Selection analysis of GISAID SARS-CoV-2 data

We are performing daily screens of individual genes from the SARS-CoV-2 genomes from GISAID to keep track of variants that may be positively or negatively selected. This analysis is for the current human pandemic viruses (it does not consider selection during zoonosis or in other species; there are plenty other studies that have done it).

Given the rate of sequencing, this is a unique opportunity to see if any of these analyses have utility in identifying potentially interesting sites; whereas traditionally they are used to examine evolution retrospectively.

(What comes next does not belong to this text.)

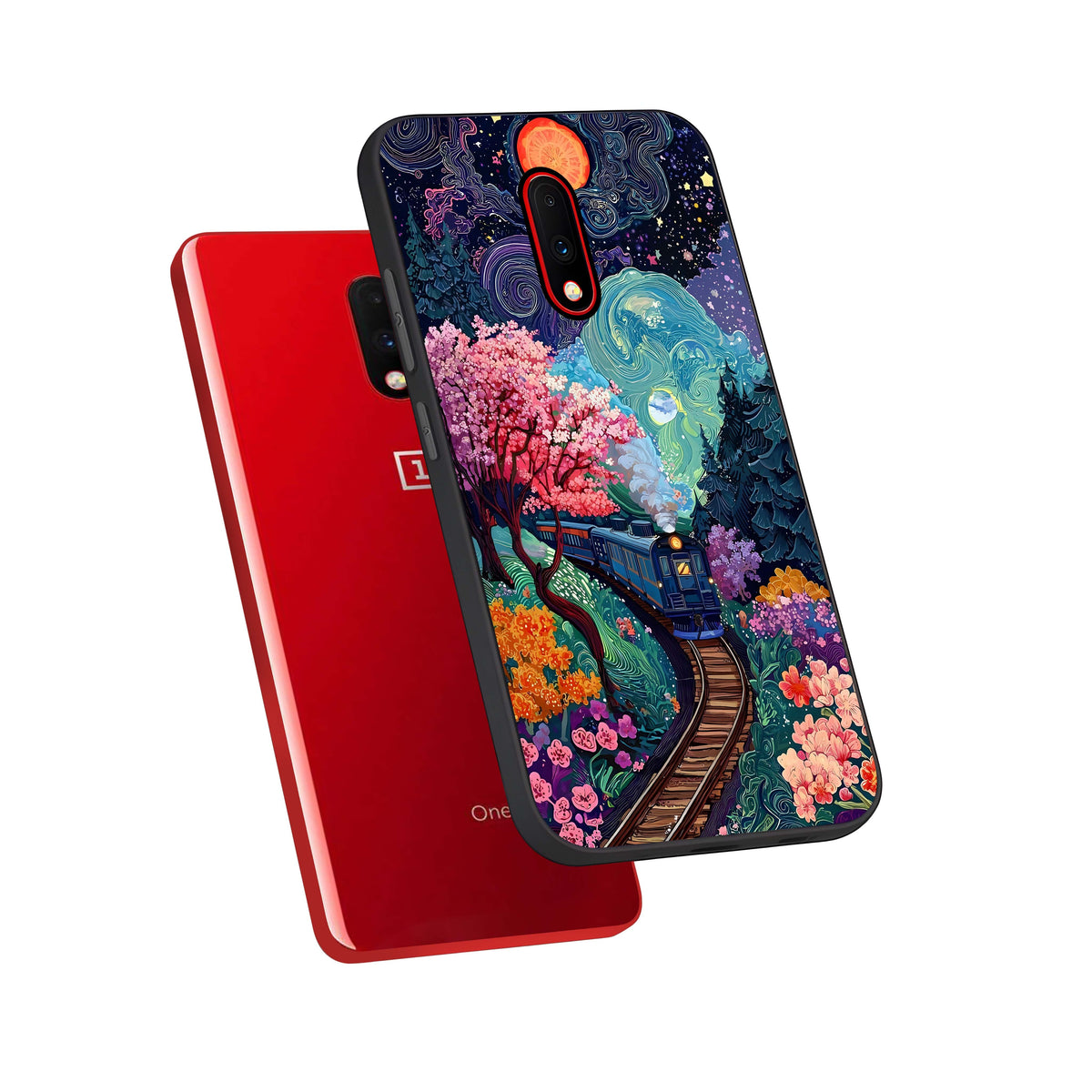  Celestial Train Journey phone case For OnePlus 7 showing premium glass back cover with detailed artwork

At the moment it appears that (as expected) there is not a whole lot going on, with many “high diversity” sites like S D614 not showing much signal for positive selection. There are few potential interesting sites where frequencies are increasing over time and sequences with variants are not in a single tree clade (see http://covid19.datamonkey.org and https://observablehq.com/@spond/natural-selection-analysis-of-sars-cov-2-covid-19), or something else is going on ( nsp2 T85I, nsp13 P504L, spike S943P/T).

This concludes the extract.